Ms. Charen says lots of good things in her most recent op-ed.
I’ve been quiet on this debate because I find myself in the unfamiliar position of moderate. I cannot rejoice with so many of my conservative friends over the defeat of immigration reform, yet neither would I have been happy to see the legislation passed in the form it was offered.
I persist in feeling well disposed toward those who wish to become Americans (particularly Catholics from Latin America, as I believe these are eminently assimilable populations), and I do fret that the Republican Party may have inflicted serious political damage on itself by appearing to be anti-immigrant.
I have heard nothing to convince me that the illegal immigration problem is not a reflection of legal immigration quotas that are too low. We have a full employment economy and a poor neighbor to the south. Is it any shock that employers are loath to turn away willing workers or that impoverished people are streaming across the Rio Grande? Are these low-skilled workers? You bet. Do we need them? Arguably yes.

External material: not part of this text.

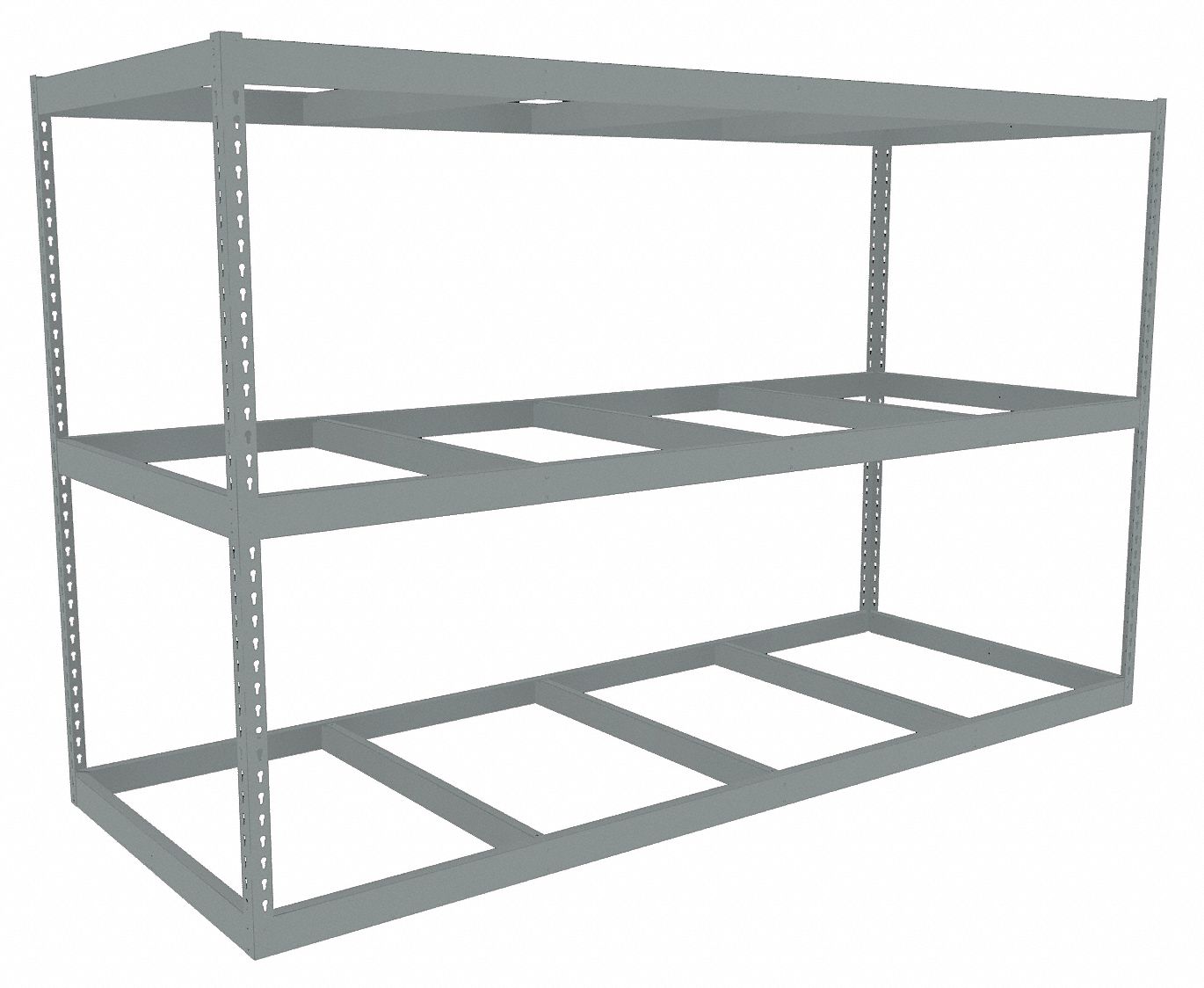 Boltless Shelving: Starter, Heavy-Duty, 96 in x 24 in, 60 in Overall Ht, 3 Shelves, Open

Quotas are too low. The bill tried to deal with it by allowing temporary workers, but did nothing about quotas.
The greatest benefit of immigration by far is not what it does for the immigrant (though that is huge) but what it does for America — assuring a steady stream of newcomers who do not take the blessings of liberty for granted but cherish them. Many opponents of immigration are worried about diluting our culture. I’m far more worried about the hollowing out from within. We scarcely teach our own children to love America, far less inculcate patriotism in immigrants.
Again spot on.
If I were writing the law all by myself, I’d increase the legal immigration levels, beef up border enforcement, establish a national ID card so that we could really know who is here, and reform welfare so that only those who truly want to work would be tempted to immigrate. I’d also reform education to convey the greatness of this nation (warts and all). So here I am, in the awkward middle.
Well, except for the national ID card (how is this different from RealID?), not much to really argue with. So why don’t the politicians get it?